Barton v. Department of Highways

PETROPLUS, JUDGE:

This is a claim for damages to real estate owned by Bertha G. Barton in Charleston, West Virginia, caused by an earthslide on December 30, 1969, adjacent to and under West Virginia Route 14, South Hills Area, Kanawha County. By an agreed Stipulation of Facts, the parties informed the Court that a drain and drainage line in the area was permitted by the Respondent, The West Virginia Department of Highways, to become clogged with refuse causing water to overflow over the roadway Route 14 and into a large crack in the road surface, thereby saturating the earth below the road and undermining the paved portion of the road and thereby precipitating a landslide down a hill towards and on to the property of the Claimant.
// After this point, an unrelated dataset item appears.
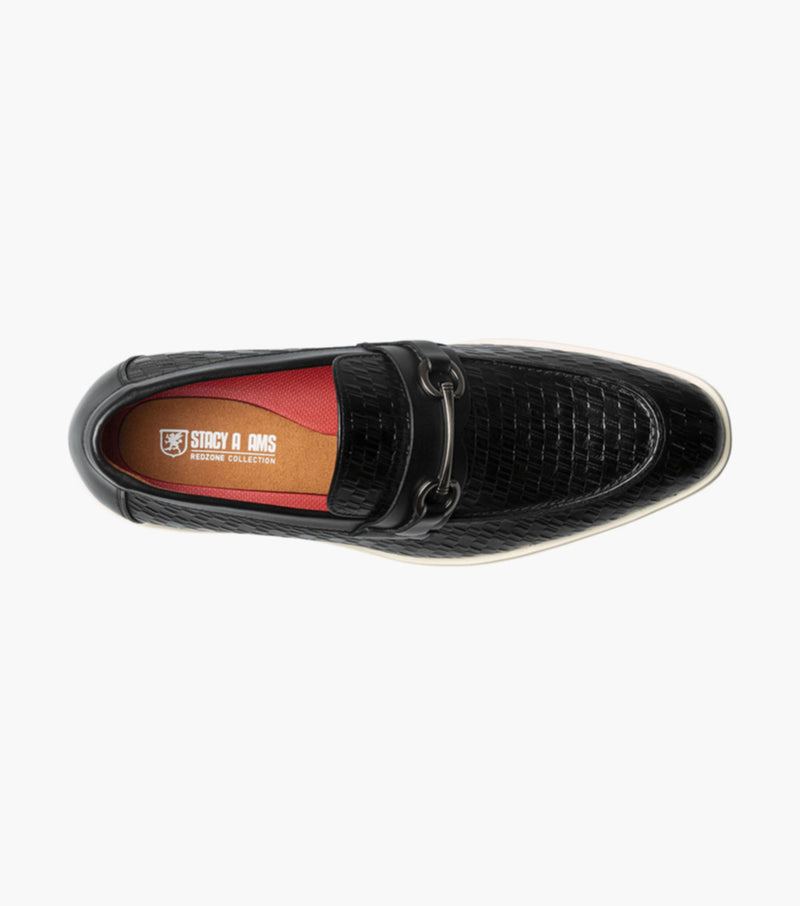 Salyer  Moc Toe Bit Slip On-Black | Stacy Adams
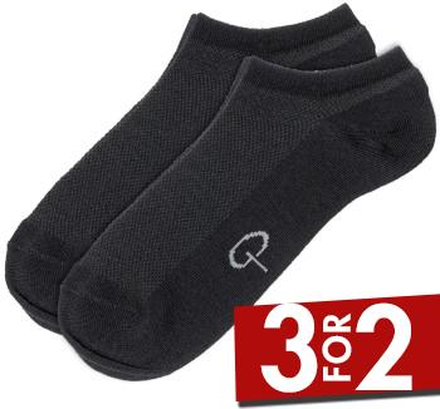 Pierre Robert Strømper 2P Wool Low Cut Socks Svart Str 37/40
Damage was considerable and was stipulated in the amount of $2,531.00, with a detailed estimate attached.

It appearing that employees of the Respondent had previously worked on the road and patched the road surface, they must have had knowledge of the drainage problem or in the exercise of ordinary care should have detected the hazard to which Claimant’s property was exposed. The blocked drain constituted actionable negligence and the slide which occurred was a reasonably foreseeable consequence of said negligence.

*2On similar facts, this Court made an award to Dale E. Olive, in Claim No. D-290, on September 23, 1970, against the Respondent, the property involved being in the same area of the landslide.

The Court accordingly makes an award in the amount of $2,531.00 to the Claimant. •

The Respondent’s Motion to Dismiss on the ground that the Claimant may maintain a proceeding against the State by mandamus to compel the State to institute eminent domain proceedings has been considered. The Court is cognizant of the limitation on its jurisdiction under Chapter 14, Article 2, Section 14, Code of West Virginia, 1931, as amended, which states:

“The jurisdiction of the court shall not extend to any claim: 5. With respect to which a proceeding may be maintained against the State, by or on behalf of the claimant in the courts of the State”.

The above exclusion is not applicable where the Claimant has proceeded against the State on a theory of nonfeasance or neglect of duty which proximately results in damages to real estate. If damages were caused by a taking of the property or as a result of highway construction or improvement properly performed, or even by the affirmative act of the State, then and in that event, this Court could reasonably hold that the Claimant had an adequate legal remedy by invoking through a Writ of Mandamus the statutory duty of the State to institute eminent domain proceedings. That is our interpretation of the cases of State ex rel Teter v. State Road Commission, 152 W. Va. 805, and State ex rel Griggs v. Graney, 143 W. Va. 610, 103 S.E.2d 878. The Respondent’s Motion to Dismiss is overruled.

Claim allowed in the amount of $2,531.00.